Please write out only the lines from the line with "Mecz siatkówki w" to the line with "Сотрудники новгородского СОБРа", inclusive, exactly as they stand below, without the pictures.

Supplied material:
###

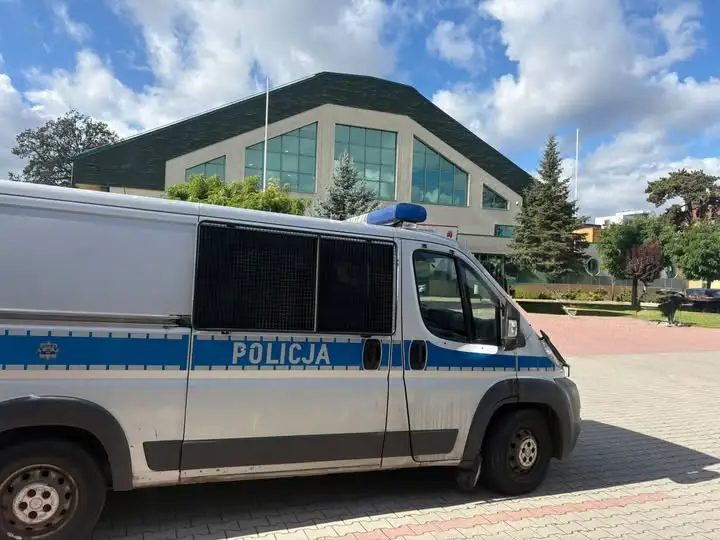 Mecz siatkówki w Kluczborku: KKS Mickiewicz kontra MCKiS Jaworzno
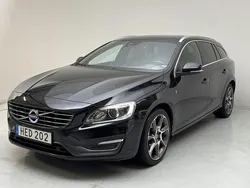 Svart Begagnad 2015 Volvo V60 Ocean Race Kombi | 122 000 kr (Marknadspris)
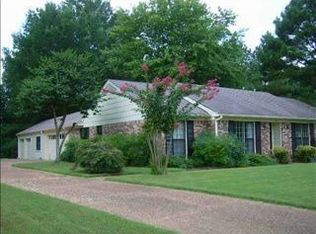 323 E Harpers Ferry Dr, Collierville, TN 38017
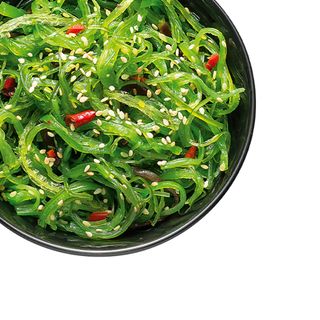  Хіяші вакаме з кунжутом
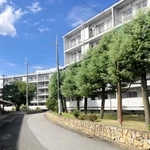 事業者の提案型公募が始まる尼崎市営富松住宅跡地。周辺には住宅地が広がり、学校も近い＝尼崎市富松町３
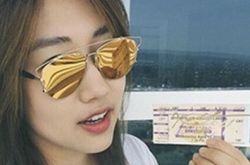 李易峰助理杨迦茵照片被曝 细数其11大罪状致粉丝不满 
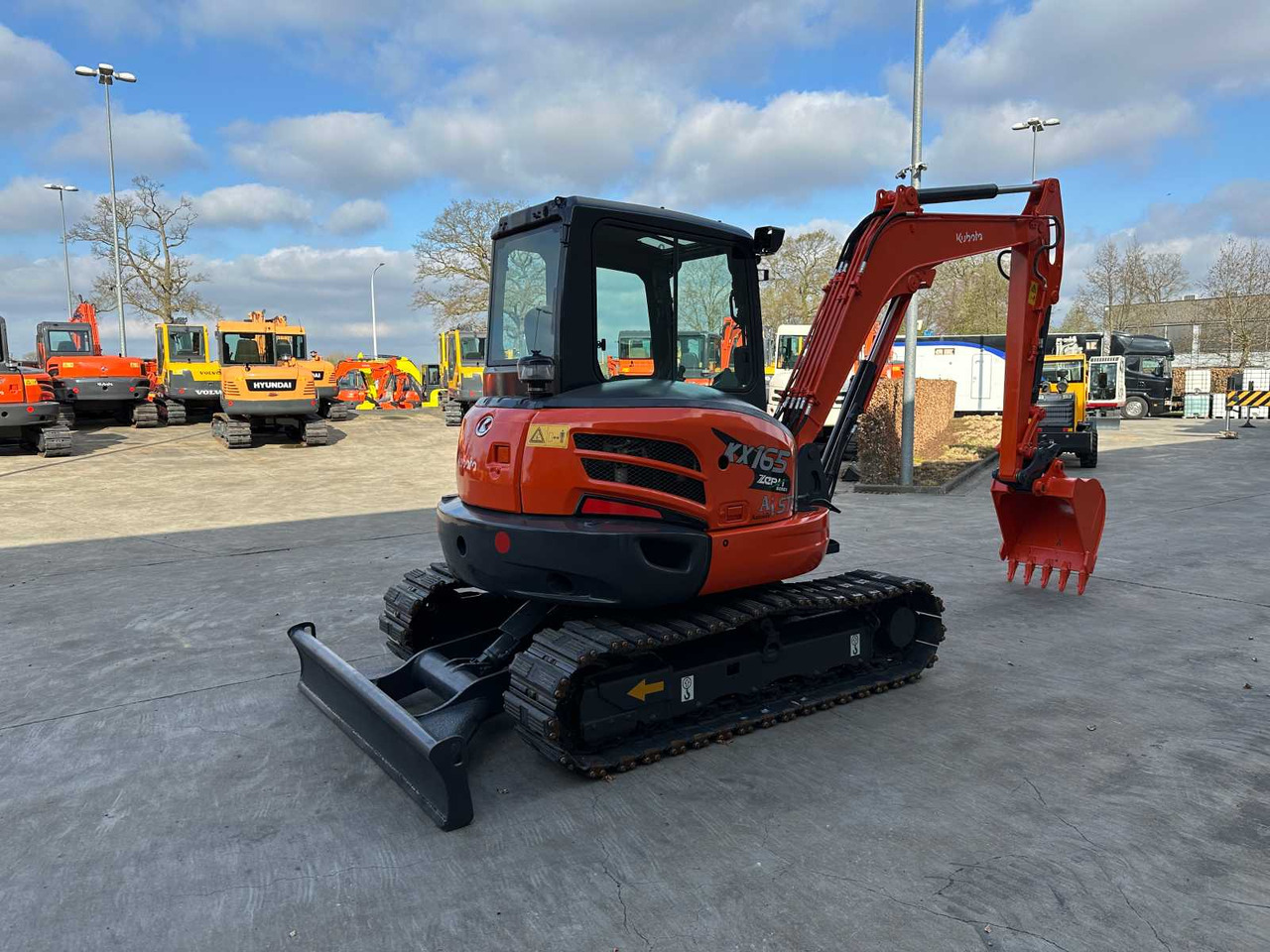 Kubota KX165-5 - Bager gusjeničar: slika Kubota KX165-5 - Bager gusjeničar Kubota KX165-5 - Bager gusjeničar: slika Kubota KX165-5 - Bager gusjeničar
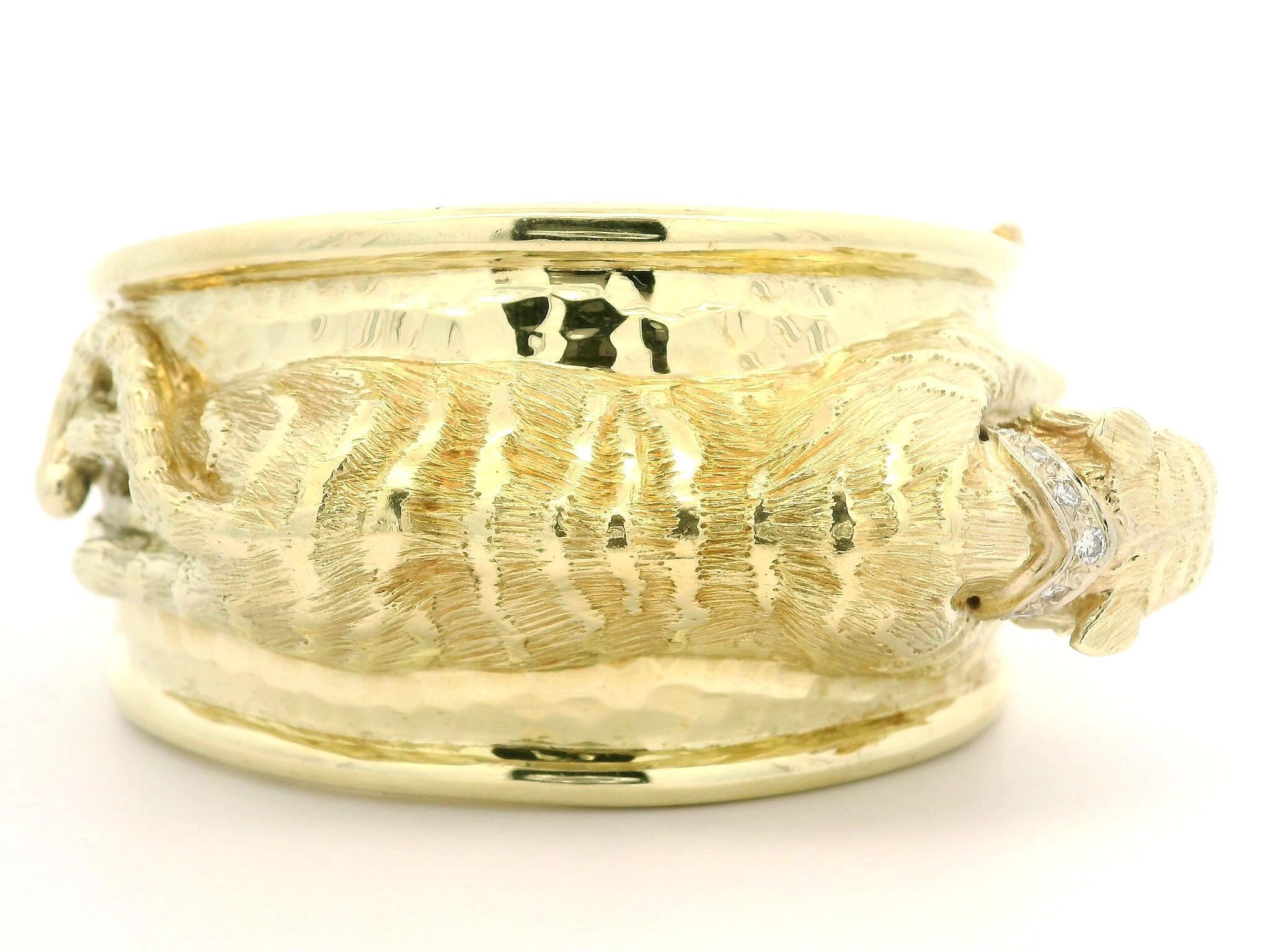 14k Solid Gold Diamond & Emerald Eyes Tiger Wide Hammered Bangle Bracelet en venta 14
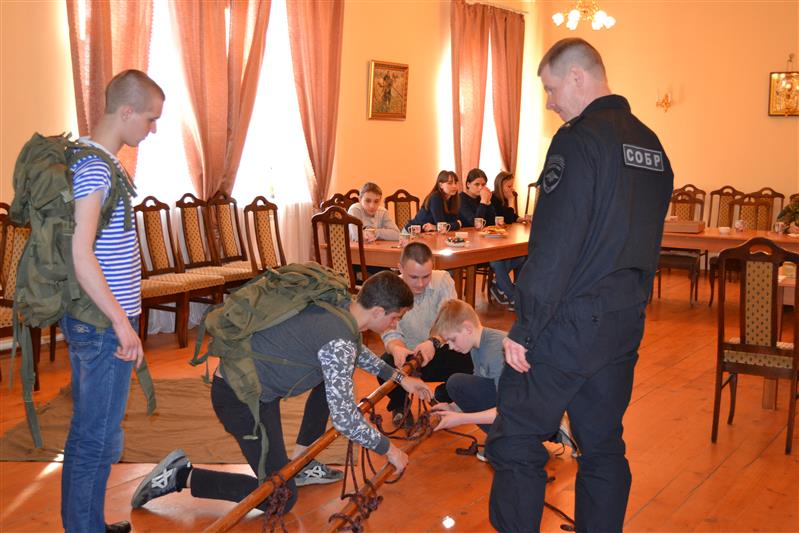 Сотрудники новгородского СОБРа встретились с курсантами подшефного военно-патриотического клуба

###

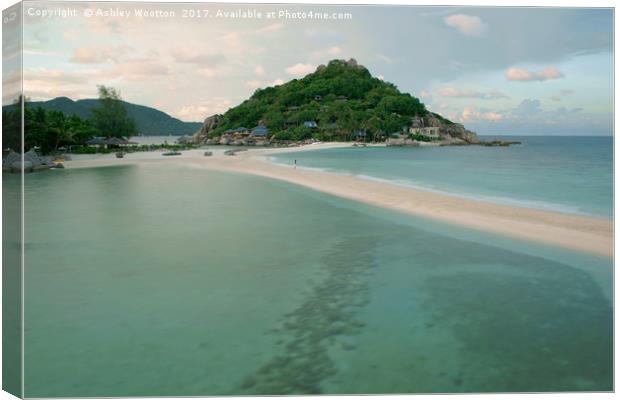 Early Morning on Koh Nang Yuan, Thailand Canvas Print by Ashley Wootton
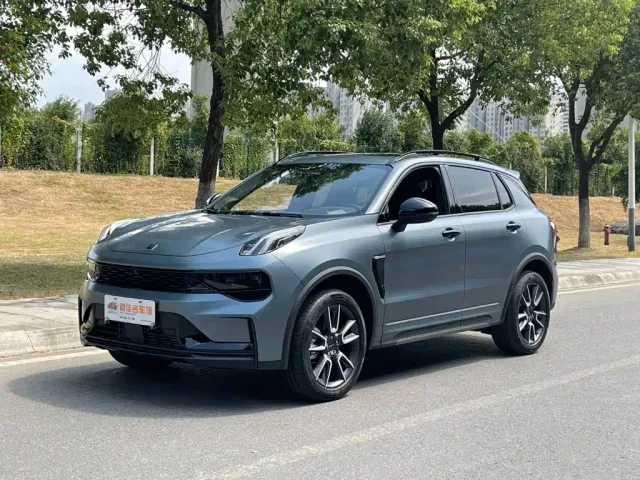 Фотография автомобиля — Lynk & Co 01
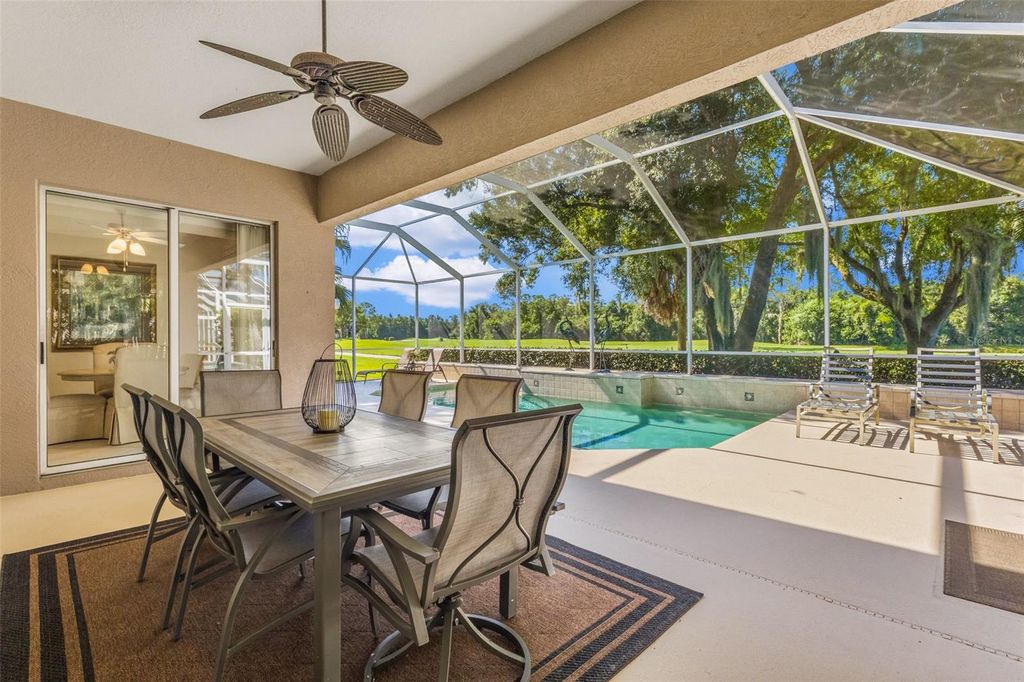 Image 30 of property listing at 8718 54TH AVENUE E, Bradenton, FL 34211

###

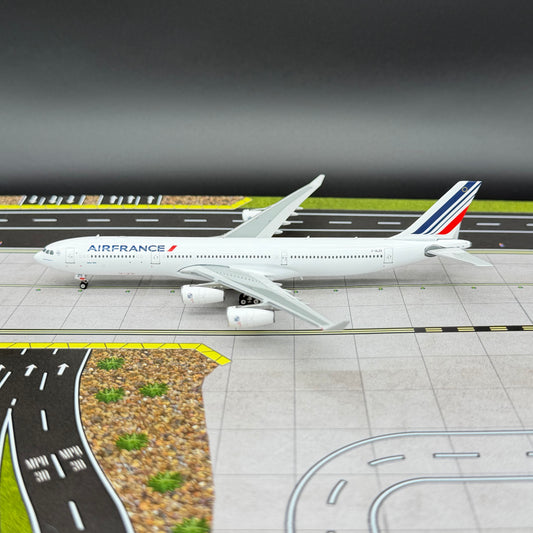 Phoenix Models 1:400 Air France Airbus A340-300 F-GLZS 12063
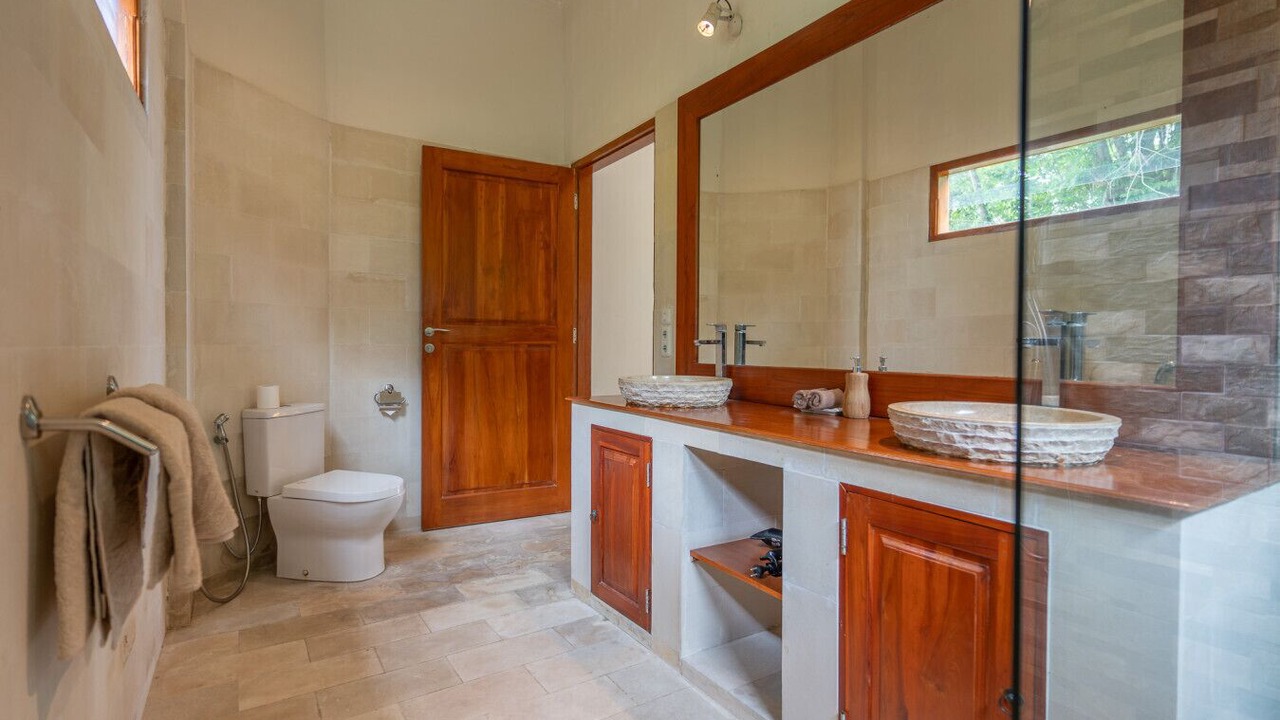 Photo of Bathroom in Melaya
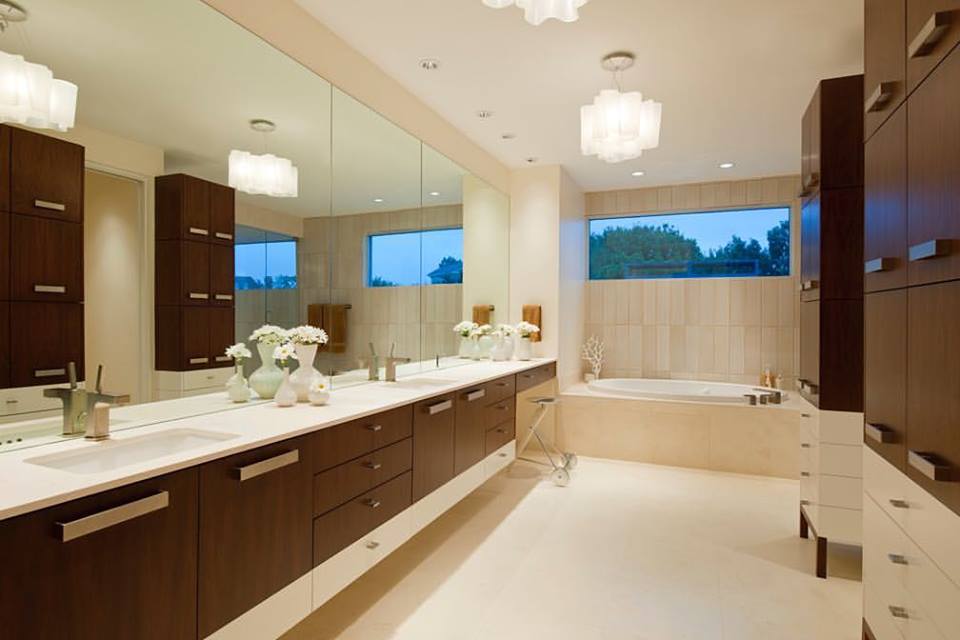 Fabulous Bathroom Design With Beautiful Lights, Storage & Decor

###

Exercise output:
 Mecz siatkówki w Kluczborku: KKS Mickiewicz kontra MCKiS Jaworzno
 Svart Begagnad 2015 Volvo V60 Ocean Race Kombi | 122 000 kr (Marknadspris)
 323 E Harpers Ferry Dr, Collierville, TN 38017
  Хіяші вакаме з кунжутом
 事業者の提案型公募が始まる尼崎市営富松住宅跡地。周辺には住宅地が広がり、学校も近い＝尼崎市富松町３
 李易峰助理杨迦茵照片被曝 细数其11大罪状致粉丝不满 
 Kubota KX165-5 - Bager gusjeničar: slika Kubota KX165-5 - Bager gusjeničar Kubota KX165-5 - Bager gusjeničar: slika Kubota KX165-5 - Bager gusjeničar
 14k Solid Gold Diamond & Emerald Eyes Tiger Wide Hammered Bangle Bracelet en venta 14
 Сотрудники новгородского СОБРа встретились с курсантами подшефного военно-патриотического клуба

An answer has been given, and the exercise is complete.